Others have developed methods of modelling hinge motions, and this is particularly suited to modelling multi-domain proteins. Usually this is done by locating hinge regions either manually or automatically (Emekli et al., 2008), docking both sides of the hinge independently and then
reassembling the complex (Ben-Zeev et al., 2005; Schneidman-Duhovny et al., 2005a, 2007; Sandak et al., 1998b,a; Cheng et al., 2008; Karaca and Bonvin, 2011). The approach detailed in Karaca and Bonvin (2011), which has been implemented in the HADDOCK suite, is of particular interest as it allows the simultaneous modelling of hinge-bending, side-chain and backbone motions. Other interesting approaches to hinge modelling have been outlined by Wang et al. (2007a) and Zhao et al. (2006), in which flexibility is handled by novel data structures, although it remains to be seen whether these approaches can consistently model hinge motion efficiently and accurately.
Another method to account for flexibility is Monte Carlo sampling, in which backbone or side-chain conformational changes are proposed and either accepted or rejected depending on the energy of the new conforma-tion. For instance, side chain Monte Carlo sampling has been implemented in ICM-DISCO (Abagyan and Totrov, 1994; Fernández-Recio et al., 2003) and RosettaDock (Gray et al., 2003). Side-chain rotamer prediction has also been tackled using molecular dynamics (Camacho and Gatchell, 2003; de Vries et al., 2007), genetic algorithms (Tuffery et al., 1991) and neural networks (Hwang and Liao, 1995). Another approach uses graph-theoretical models in which each side-chain is represented using a node, and those with an inter-acting rotamer pair are connected by edges. The graph can be decomposed such that the optimal set of rotamers is derived by combining the optim-ised rotatmer combination corresponding to sub-graphs (Krivov et al., 2009).

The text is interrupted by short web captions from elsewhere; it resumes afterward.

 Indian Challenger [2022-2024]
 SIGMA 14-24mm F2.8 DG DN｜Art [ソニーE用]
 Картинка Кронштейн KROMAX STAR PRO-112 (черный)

Monte Carlo sampling can also be used to model the conformational changes of loops. Fixed-end-moves, the rotation of a number of atoms around two fixed points (Betancourt, 2005), have been observed in crystal structures (Davis et al., 2006) and can capture some known protein motions (Friedland et al., 2009). They have been used to model backbone motions in the RosettaDock program as part of the Monte Carlo move set (Fleishman et al., 2010; Lauck et al., 2010). Modelling backbone flexibility has also been done by varying φ and ψ torsion angles, either using Monte Carlo (Wang et al., 2007a) or by simulated annealing molecular dynamics (de Vries et al., 2007).

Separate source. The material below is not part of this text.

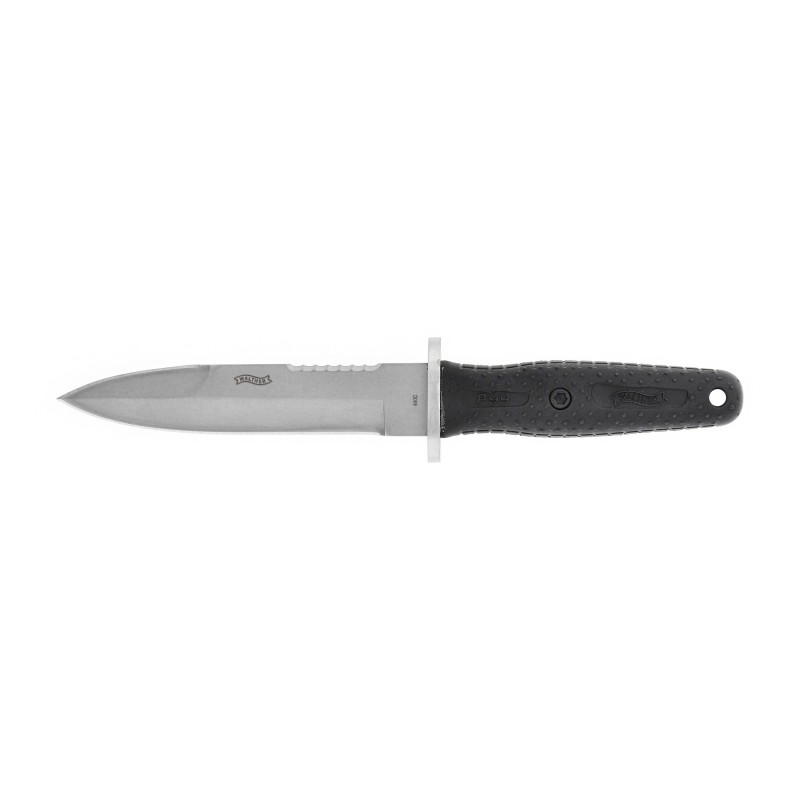 Nóż Walther Tactical Knife P99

The final approach to modelling conformational changes that occur upon binding is to use normal modes. As many protein motions can be approximated using a small number of low frequency modes (see section 1.4.2.3), using a linear combination of normal modes is a promising approach for modelling conformational change. Aside from the approach analysed and implemented during the course of the PhD, and presented in later chapters, two other groups have dynamically adjusted movements along normal coordinates as part of a flexible docking strategy. In the ATTRACT program, the 5 lowest frequency non-trivial normal modes are used as degrees of freedom, along with the translation and orientation (May and Zacharias, 2008a). Quasi-Newton minimisation is performed from multiple starting positions, the proteins are represented using a coarse-grained model and the energy is calculated using a soft Van der Waals potential and electrostatics. The other approach is that used in the FibreDock refinement protocol (Mashiach et al., 2010). In this protocol, the side-chains of rigidly soft-docked poses, derived from another method, are optimised using a linear programming routine (Kingsford et al., 2005).
Then rigid-body minimisation is performed followed by minimisation in normal mode space. In this step, the overlap between pre-calculated normal modes and the forces acting upon the binding partners is used to select 10 modes, and Monte Carlo sampling is undertaken in this normal mode space. Finally, after another round of rigid-body minimisation, the lowest energy solutions are returned.